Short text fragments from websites
== Segment start ==

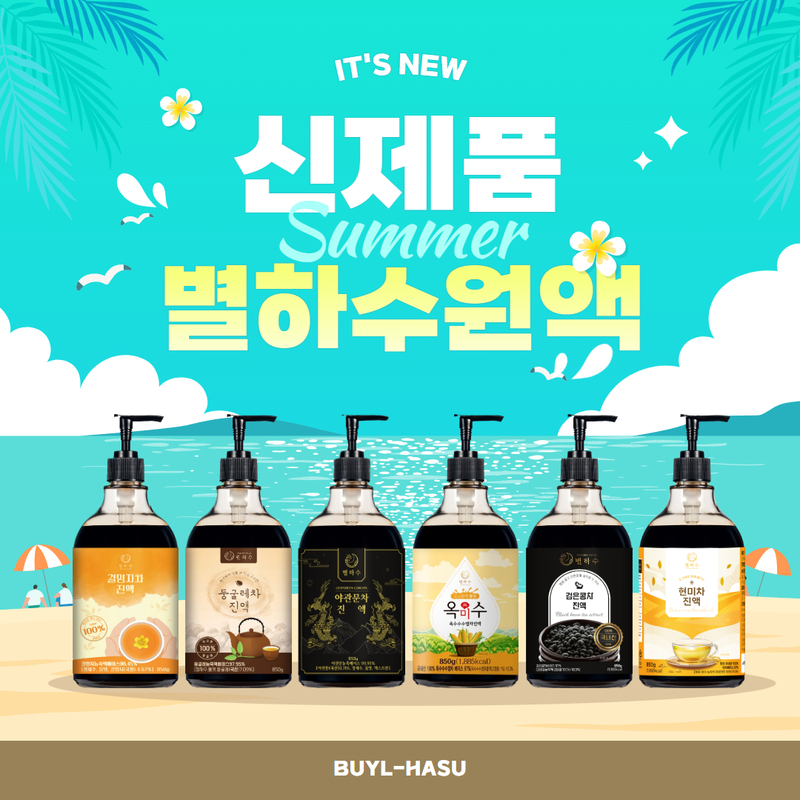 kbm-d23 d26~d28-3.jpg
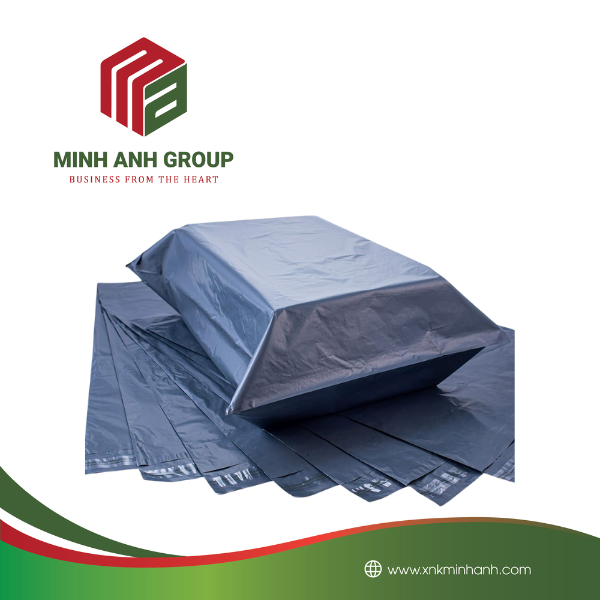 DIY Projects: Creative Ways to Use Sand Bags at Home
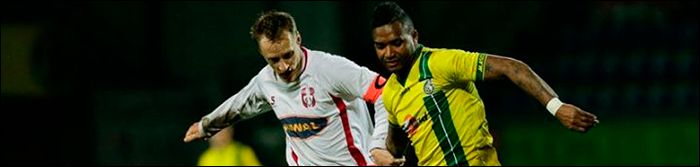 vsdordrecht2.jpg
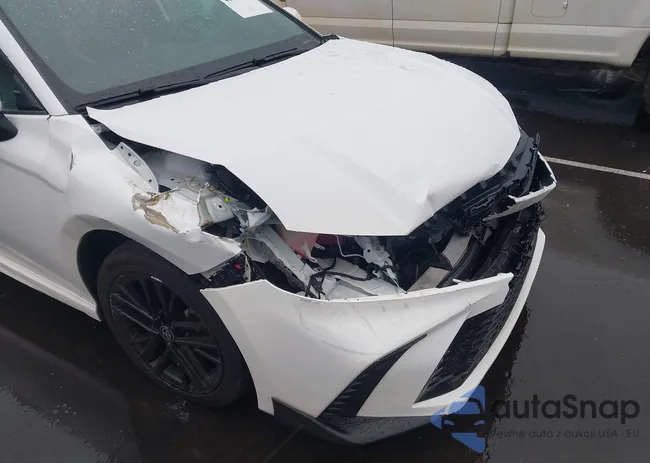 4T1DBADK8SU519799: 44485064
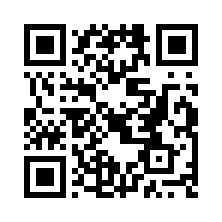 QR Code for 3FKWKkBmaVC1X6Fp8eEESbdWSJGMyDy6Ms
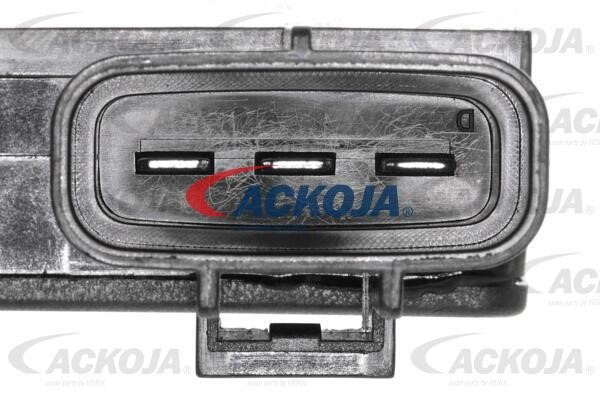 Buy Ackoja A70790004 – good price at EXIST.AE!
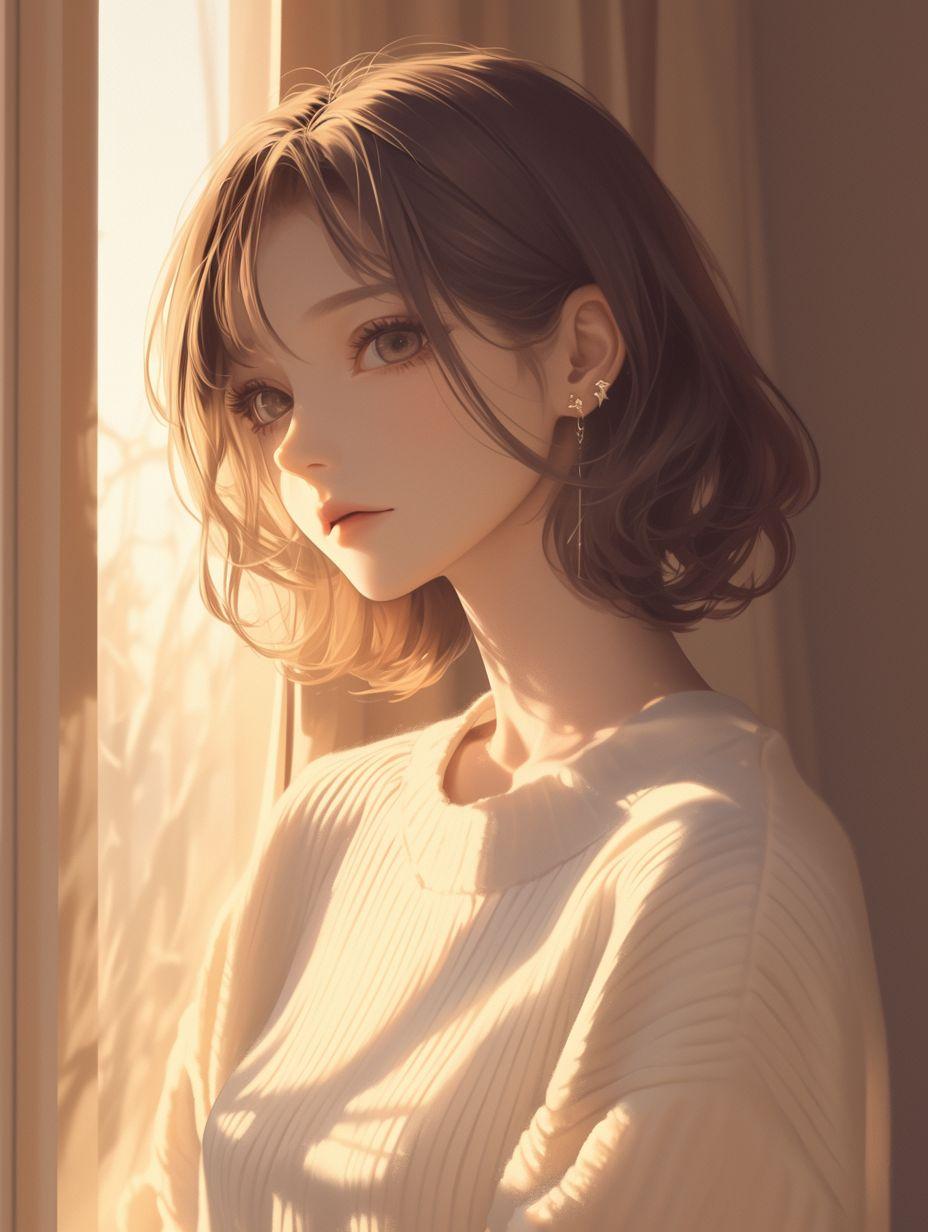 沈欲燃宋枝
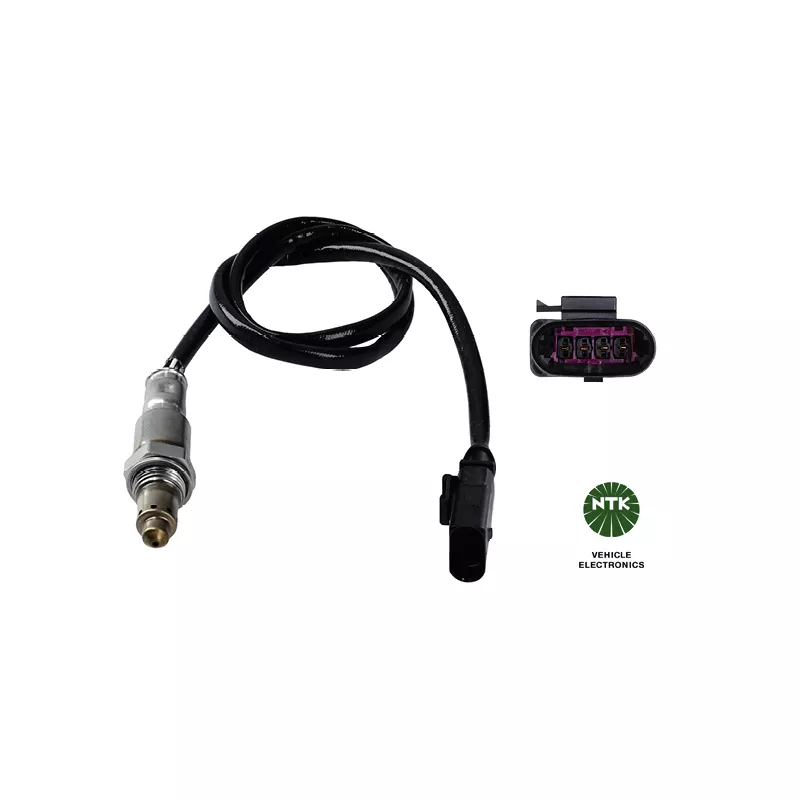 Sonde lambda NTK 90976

== Segment end ==

■ Assignment ■
Every line above goes into your copy exactly; no images go in.

■ Task response ■
 kbm-d23 d26~d28-3.jpg
 DIY Projects: Creative Ways to Use Sand Bags at Home
 vsdordrecht2.jpg
 4T1DBADK8SU519799: 44485064
 QR Code for 3FKWKkBmaVC1X6Fp8eEESbdWSJGMyDy6Ms
 Buy Ackoja A70790004 – good price at EXIST.AE!
 沈欲燃宋枝
 Sonde lambda NTK 90976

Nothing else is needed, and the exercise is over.